Il était une fois, Domingo

Dakar, samedi 27 décembre 1986. Boubacar Sarr « Locotte » organise son jubilé au stade de l’Amitié. Plus de 60.000 personnes se bousculent pour voir de près les illustres invités du néo-retraité. J’en fais partie , du haut de mes 15 ans. Et parmi les stars du foot présentes ce jour-là, il y a l’immense Salif Keita. Domingo !

Il était une fois, Domingo, Information Afrique Kirinapost

Domingo: élégance et finesse dans le jeu © Progres

Pour la première fois de ma vie, je pose mes yeux sur cette légende, maintes fois racontée par mon papa, dont il était une des idoles avec Pelé.

J’avoue qu’à l’époque, bien qu’ayant lu certaines choses sur sa carrière, je n’avais trop conscience de ce qu’il représentait. Et j’ai vite compris. Quand le match des « anciennes gloires » a commencé, dès sa première touche de balle, une clameur s’est élevée dans le stade. Des « Domingo ! » fusant des tribunes. Et ce fut la même chose chaque fois qu’il touchait le ballon… Une icône !

(« Domingo », son surnom depuis l’enfance, est issu du personnage d’un film qu’il avait vu et qui lui avait tout de suite plu..)

La légende de Salif Keita s’est d’abord forgée dans son Mali natal. Il y a vu le jour en 1946, et très tôt, son attrait pour le ballon rond s’est manifesté. Malgré les réticences familiales, car on lui voyait un autre destin que celui d’être footballeur.

Il était une fois, Domingo, Information Afrique Kirinapost

Attaquant redoutable devant le but © Progrés

Son talent était tellement précoce qu’il reste à ce jour le plus jeune joueur à avoir évolué au sein de l’équipe A du Mali. C’était en 1962 et il avait 16 ans. Il refusera d’être naturalisé français au motif qu’il ne souhaitait pas que cela fasse « jurisprudence ».  » Nous avons de jeunes nations que nous aimons et que nous devons aider à construire.
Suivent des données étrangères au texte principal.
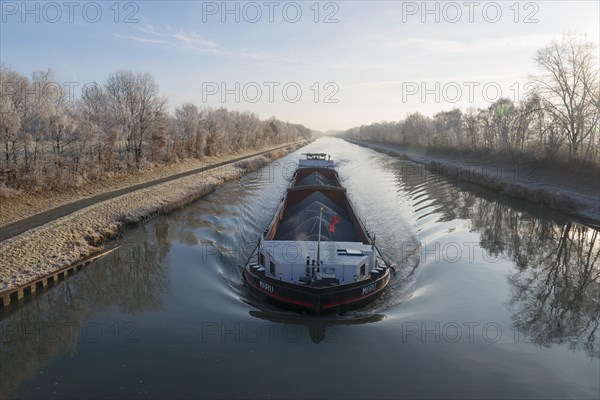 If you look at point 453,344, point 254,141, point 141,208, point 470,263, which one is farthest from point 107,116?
point 254,141

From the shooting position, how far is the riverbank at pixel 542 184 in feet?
84.7

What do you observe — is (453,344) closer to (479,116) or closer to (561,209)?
(561,209)

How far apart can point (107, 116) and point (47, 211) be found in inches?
745

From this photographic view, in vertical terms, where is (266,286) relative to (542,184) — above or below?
below

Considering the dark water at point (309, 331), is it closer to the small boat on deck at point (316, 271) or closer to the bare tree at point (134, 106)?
the small boat on deck at point (316, 271)

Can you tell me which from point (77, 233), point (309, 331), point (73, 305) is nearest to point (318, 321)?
point (309, 331)

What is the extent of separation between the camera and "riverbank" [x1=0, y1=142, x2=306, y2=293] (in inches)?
562

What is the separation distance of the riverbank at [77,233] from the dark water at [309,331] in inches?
38.2

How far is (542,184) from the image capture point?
33.1 metres

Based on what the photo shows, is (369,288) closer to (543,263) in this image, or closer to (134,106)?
(543,263)

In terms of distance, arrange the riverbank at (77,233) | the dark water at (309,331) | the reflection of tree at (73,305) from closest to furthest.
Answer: the dark water at (309,331)
the reflection of tree at (73,305)
the riverbank at (77,233)

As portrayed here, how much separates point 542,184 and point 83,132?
3557 centimetres

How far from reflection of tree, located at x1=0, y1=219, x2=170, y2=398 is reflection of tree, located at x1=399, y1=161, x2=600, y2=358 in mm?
12066

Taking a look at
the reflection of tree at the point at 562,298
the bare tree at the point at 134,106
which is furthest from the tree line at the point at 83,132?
the reflection of tree at the point at 562,298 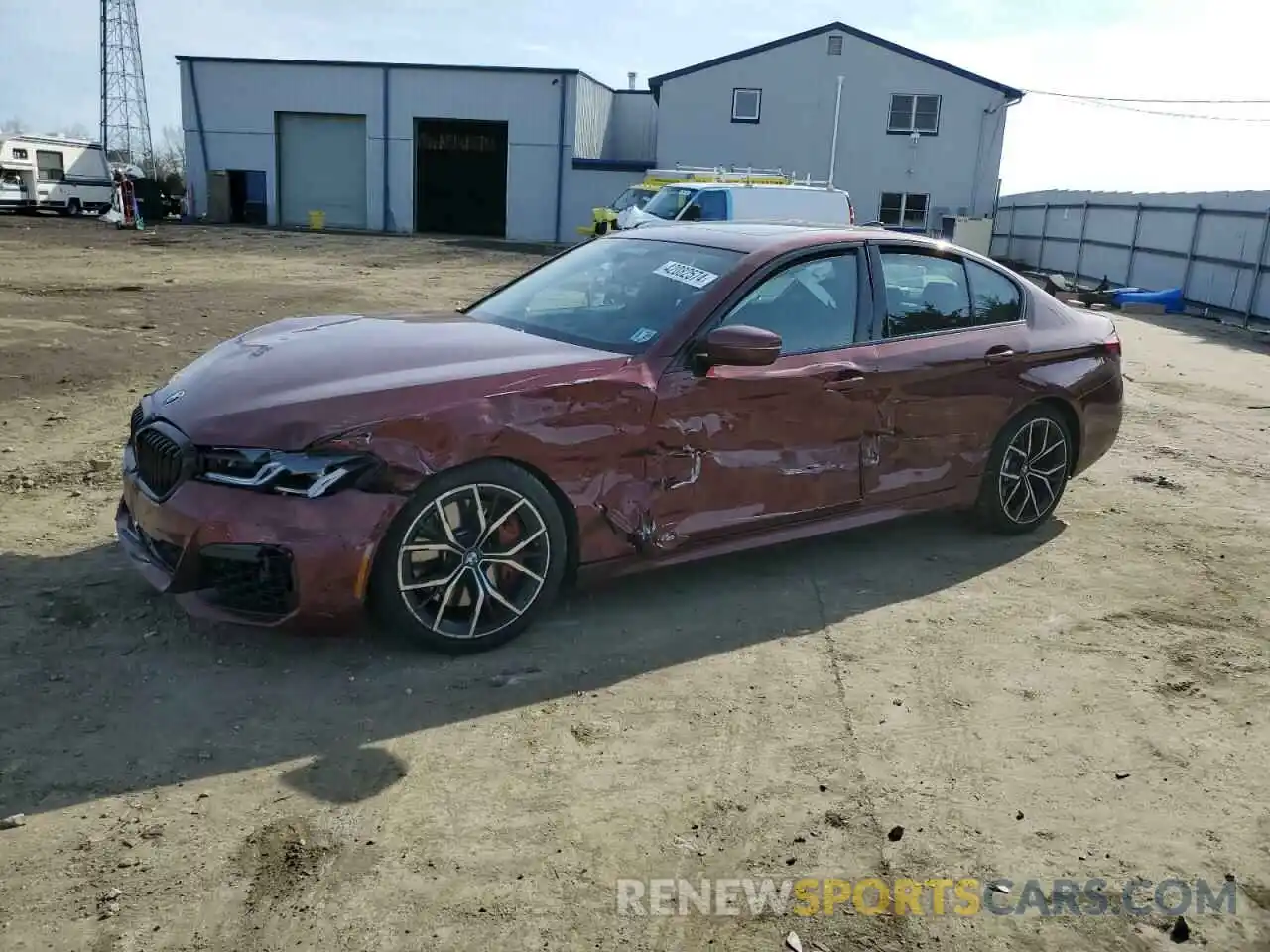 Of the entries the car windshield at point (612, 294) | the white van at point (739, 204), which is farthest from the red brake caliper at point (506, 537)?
the white van at point (739, 204)

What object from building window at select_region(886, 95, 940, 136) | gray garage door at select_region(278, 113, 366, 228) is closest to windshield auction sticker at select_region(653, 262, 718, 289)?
building window at select_region(886, 95, 940, 136)

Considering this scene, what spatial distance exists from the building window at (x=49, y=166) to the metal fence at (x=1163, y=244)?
104 feet

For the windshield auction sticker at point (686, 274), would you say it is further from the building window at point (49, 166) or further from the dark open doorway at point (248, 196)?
the building window at point (49, 166)

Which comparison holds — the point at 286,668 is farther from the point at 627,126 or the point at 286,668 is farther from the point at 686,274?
the point at 627,126

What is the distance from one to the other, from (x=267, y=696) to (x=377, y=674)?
1.25ft

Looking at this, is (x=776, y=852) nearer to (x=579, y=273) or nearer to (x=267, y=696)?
(x=267, y=696)

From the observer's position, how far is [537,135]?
35500mm

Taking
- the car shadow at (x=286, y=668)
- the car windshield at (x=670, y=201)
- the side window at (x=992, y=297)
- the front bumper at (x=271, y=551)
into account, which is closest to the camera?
the car shadow at (x=286, y=668)

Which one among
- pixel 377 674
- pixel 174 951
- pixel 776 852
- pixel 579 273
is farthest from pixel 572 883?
pixel 579 273

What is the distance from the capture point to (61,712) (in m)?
3.43

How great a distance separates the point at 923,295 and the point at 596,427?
211 centimetres

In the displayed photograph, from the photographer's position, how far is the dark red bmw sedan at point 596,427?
3.62 meters

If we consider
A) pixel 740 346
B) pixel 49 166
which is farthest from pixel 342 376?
pixel 49 166

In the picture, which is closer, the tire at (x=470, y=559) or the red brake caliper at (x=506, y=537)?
the tire at (x=470, y=559)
Nos peuples ont beaucoup sacrifié pour recouvrer leur indépendance .Que diront demain, les enfants qui viendront après moi, si je choisis de jouer pour la France au lieu du Mali » avai-il déclaré au moment de faire son choix.

Très tôt, il s’impose comme une référence dans le pays, puis rapidement dans toute l’Afrique. Il emmènera successivement le Stade Malien, puis le Real Bamako, son club formateur (1966) en finale de la Coupe d’Afrique des Clubs Champions. Ces deux finales se soldent par des échecs qui seront directement à l’origine de son départ pour la France en 1967.

Le public malien lui reproche d’être le responsable de toutes les défaites… Il n’a pas encore 20 ans, et on dit de lui « qu’il ne gagnera jamais rien »… Salif décide donc de plier bagages, mais les autorités maliennes le déclarent alors « intransférable ».

Salif brave l’interdit et parvient à rallier Paris le 14 septembre 1967. Un voyage très mouvementé, entre la peur de se faire prendre, et les risques météorologiques, car, au lieu d’atterrir au Bourget comme prévu, son avion est dérouté à Orly à cause d’un épais brouillard.

 

Il était une fois, Domingo, Information Afrique Kirinapost

As Saint Etienne 12 aout 1970 Stade Geoffroy Guichard As Saint Etienne _ Lille Salif Keita
Collection Bancet / Icon Sport

C’est là qu’a lieu un des épisodes les plus croustillants de la vie sportive de Salif Keita. En effet, Salif qui doit se rendre à Saint-Etienne (plus de 500 kms), décide de prendre un … taxi. Les deux premiers qu’il sollicite refusent et c’est finalement un taximan féru de foot qui accepte de le convoyer…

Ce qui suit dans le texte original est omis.